Gli aggressori sanno che le aziende fanno un utilizzo sempre maggiore della tecnologia, ma sanno anche che il personale è spesso scarsamente formato.

Se fossi tu l’aggressore, cercheresti di scassinare la porta del castello o di trovare una mano stabile non addestrata per farti entrare?

Al giorno d’oggi abbiamo buone leggi sulla salute e sicurezza sul lavoro e le nostre “postazioni” sono più sicure che mai, ma purtroppo continuano a verificarsi incidenti. Se questi incidenti sono dovuti a una scarsa o inefficiente formazione, la colpa ricade direttamente sul datore di lavoro, per la sua negligenza. Questo però non avviene quando si parla di incidenti informatici.

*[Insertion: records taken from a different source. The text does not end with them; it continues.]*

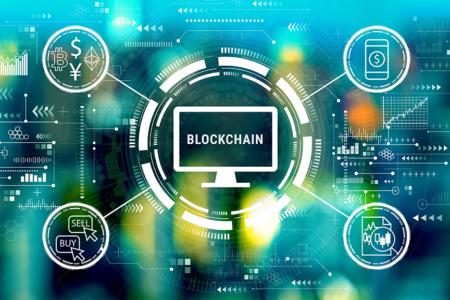 Decorative image: blockchain with spokes including cryptocurrency, mobile $, buy/sell icons. Cryptocurrency fintech theme with big city lights at night.
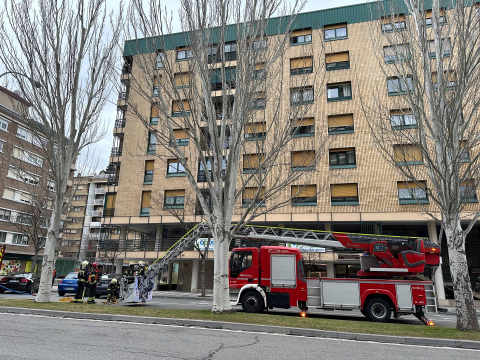 Bomberos de Navarra con un camión escala sofocan el incendio en una vivienda de la calle Iturrama de Pamplona.
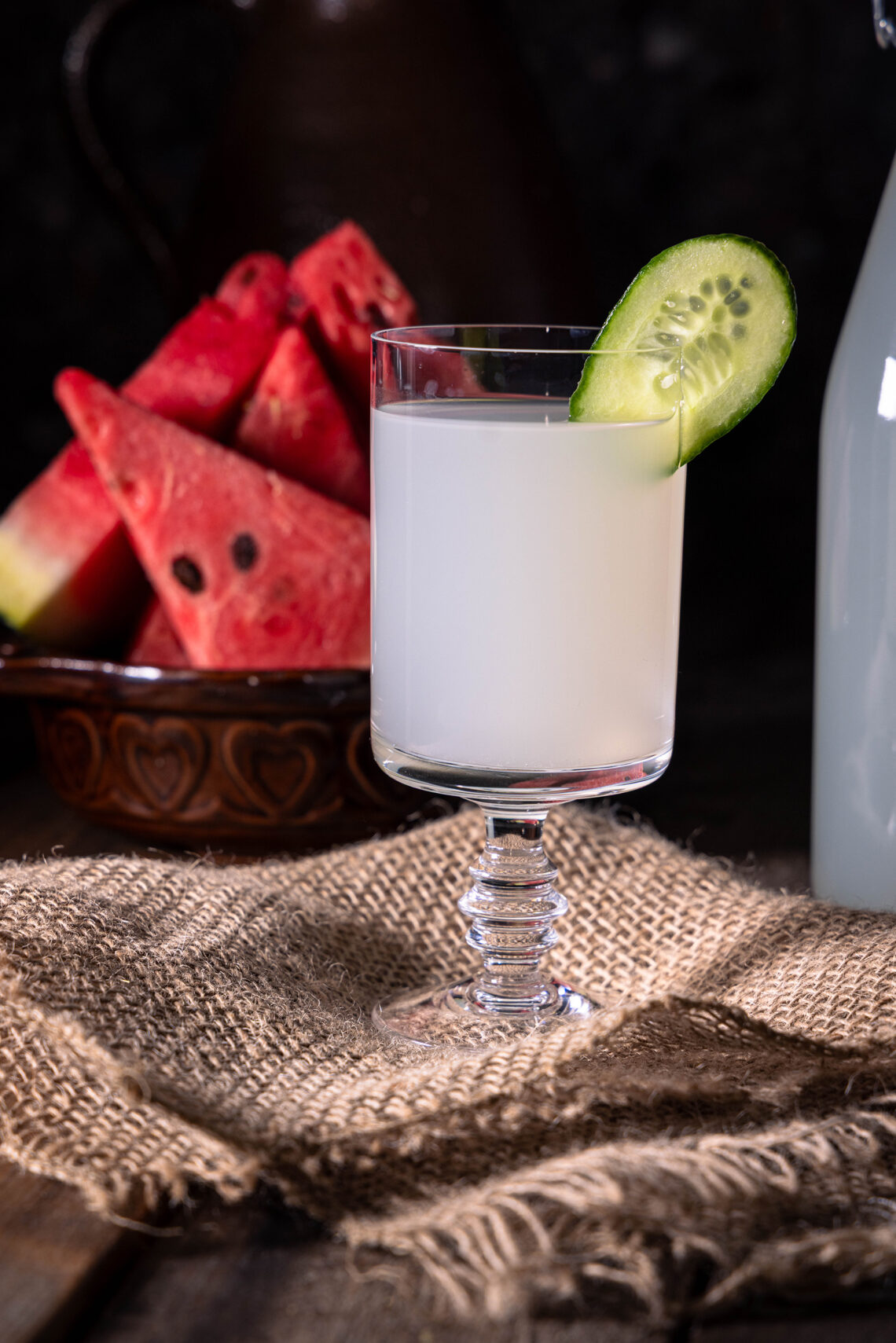 Ingwer-Bitterlemon-Kefir - in einem Glas mit Gurkenscheibe, dahiner Melonenstücke.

È risaputo che la formazione informatica può essere complicata e potenzialmente costosa, anche se sicuramente meno onerosa della gestione di un cyber attacco. Nel caso di Organizzazioni di grandi dimensioni, complesse o addirittura multinazionali, assicurarsi che tutto il personale abbia una formazione regolare, ben preparata e pertinente, può essere molto impegnativo, ma la verità è che, per come stanno le cose, le persone rappresentano la prima linea di attacco e di difesa.

 

L’impreparazione dei dipendenti offre ai criminali più opportunità di ingresso rispetto al velleitario tentativo di abbattere un pesante sistema di difesa informatica. Diviene perciò necessario e fondamentale attivare programmi di Awarness che limitino gran parte dei tentativi di intrusione di malintenzionati, i quali avvengono proprio attraverso i dispositivi di dipendenti e collaboratori, affiancando il potere della conoscenza a quello della tecnologia.